For hardware exposing multiple queues / engine instances, this layer only acts as a message broker for synchronization via fences. For hardware without, it also performs arbitration.
Going by AMD's HSA work or other driver documentation, multiple hardware queues and engines are exposed and instantiated by the driver. Does it forget all of this information later and allow compatibility layer that doesn't have any of that data take over?
Why is that? If GCN has 8 ACEs, and each can handle 8 queues, we're talking about being able to schedule 64 queues to the compute units. Even the RX 480 is able to handle up to 36 queues.
64 queues is at least partly influenced by Sony's desire to trick out its console with room to grow for middleware and system services.
It's admitted to be overkill.
The CU count does not yield how many queues a GPU can handle. A minimum granularity would be one wavefront, and a single CU can support 40.
Even then, with HWS and oversubscription directed by the front end and driver, the GPU can track far more than 64.
Currently, the workloads being demanded of compute are not leveraging it so heavily that they feel a need to use more than one. Doom's developers said for the purposes of their engine that it didn't matter. The front end processor's handling of a dispatch command is a single part of the process, and due to how many commands create more work on the back end a single queue can process a lot of commands in a limited number of clock cycles for shaders whose wavefronts can last for milliseconds from initial launch to final release.

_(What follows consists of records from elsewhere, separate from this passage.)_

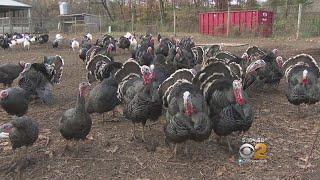 Turkey Farm Prepares For Thanksgiving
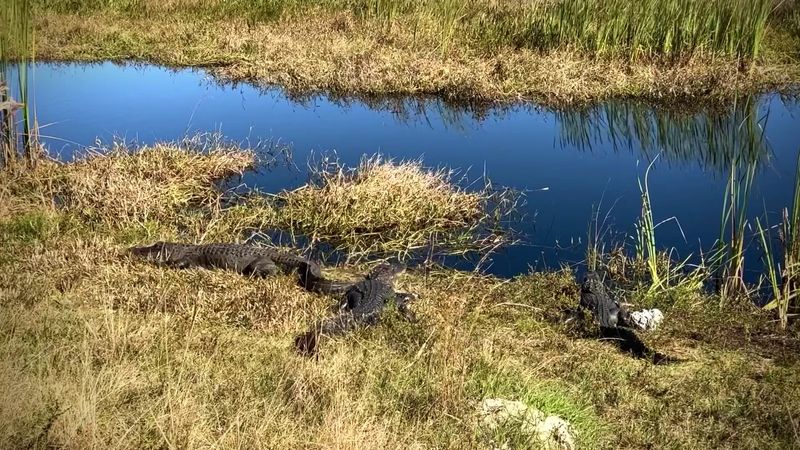 Wildlife Encounters at Every Turn
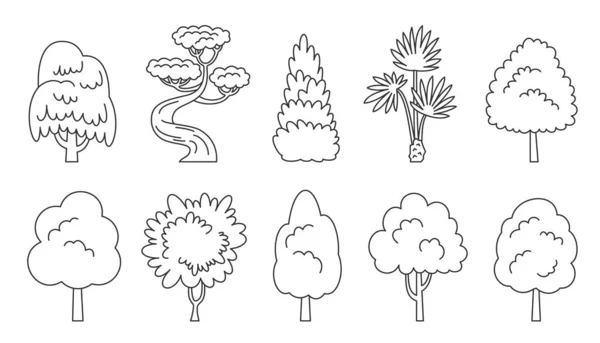 Boom Lijn Pictogram Ingesteld Spruce Esdoorn Palmsequoia Arboretum Kleurboek Eco — Stockvector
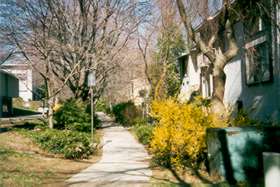 Follow the sidewalk in front of the homes.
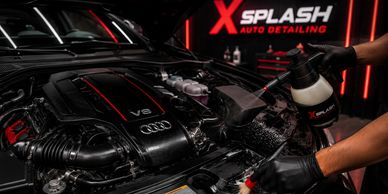 Person detailing an Audi V6 engine.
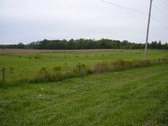 Enlarge photo 62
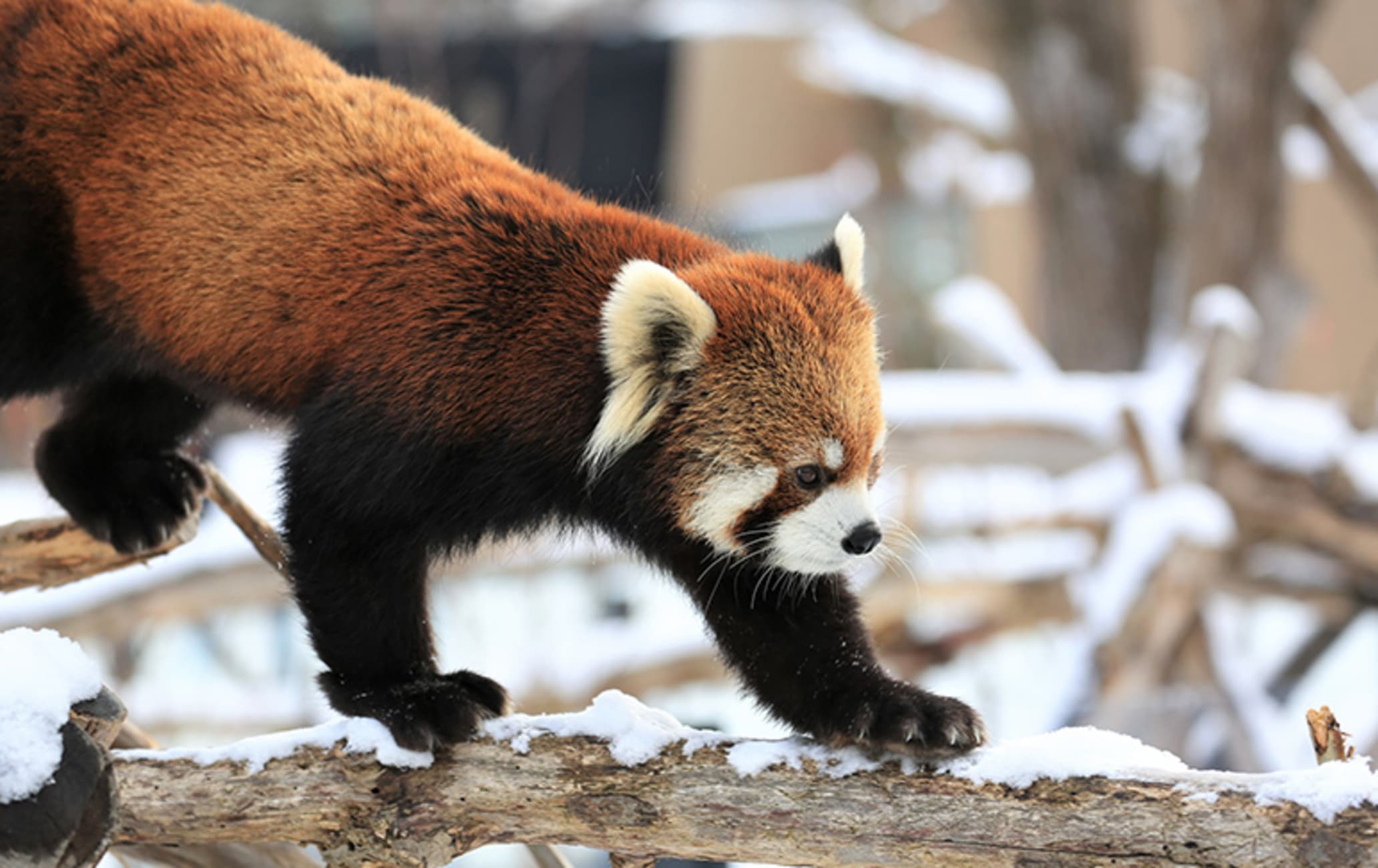 Maruyama Zoo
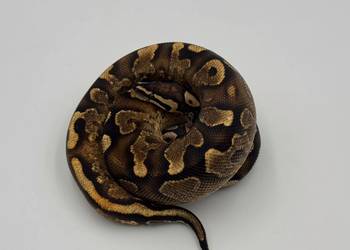 Sugar Yellow belly Phantom Orange dream samiecPyton królewski wąż gad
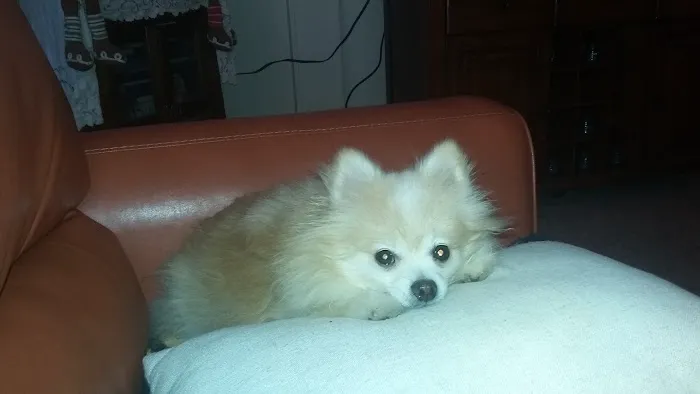 Magnolia Estates of Central Picture 4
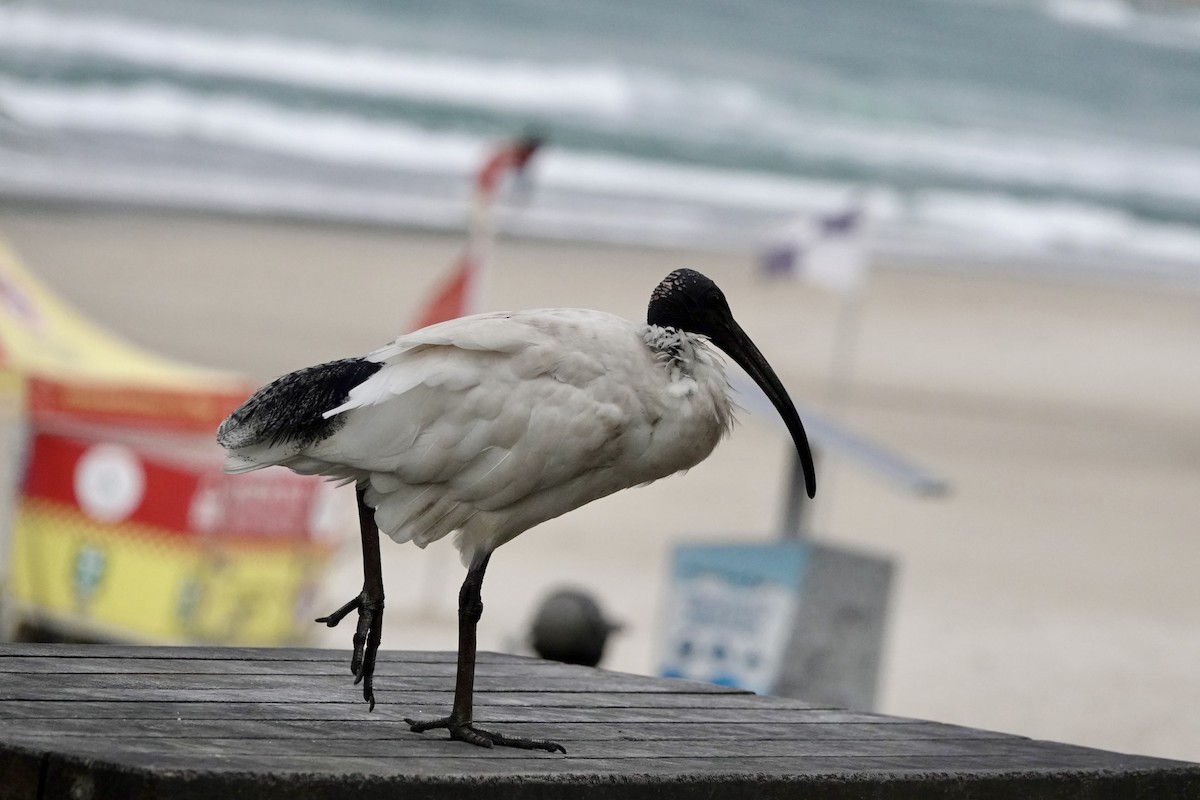 ibis australský - ML621092723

What having more queues would be about is handling cases of general types of compute and graphics where there's differing behaviors in terms of synchronization and burstiness. For the current uses cases within an application, that can be generally satisfied with direct and one compute. The game or benchmark has a set of operations with a reasonable set of inputs and dependences, and a pretty straightforward path from frame start to end.
What Sony wanted is a front end that could handle multiple clients: an arbitrary amount of middleware, system services, virtualized/secured resources, and potentially compute types with very different scales of synchronization.
For the PC space, it might matter to a hypervisor trying to host multiple compute clients, but neither Time Spy or Doom have 64 different clients or workloads that have no relation to each other.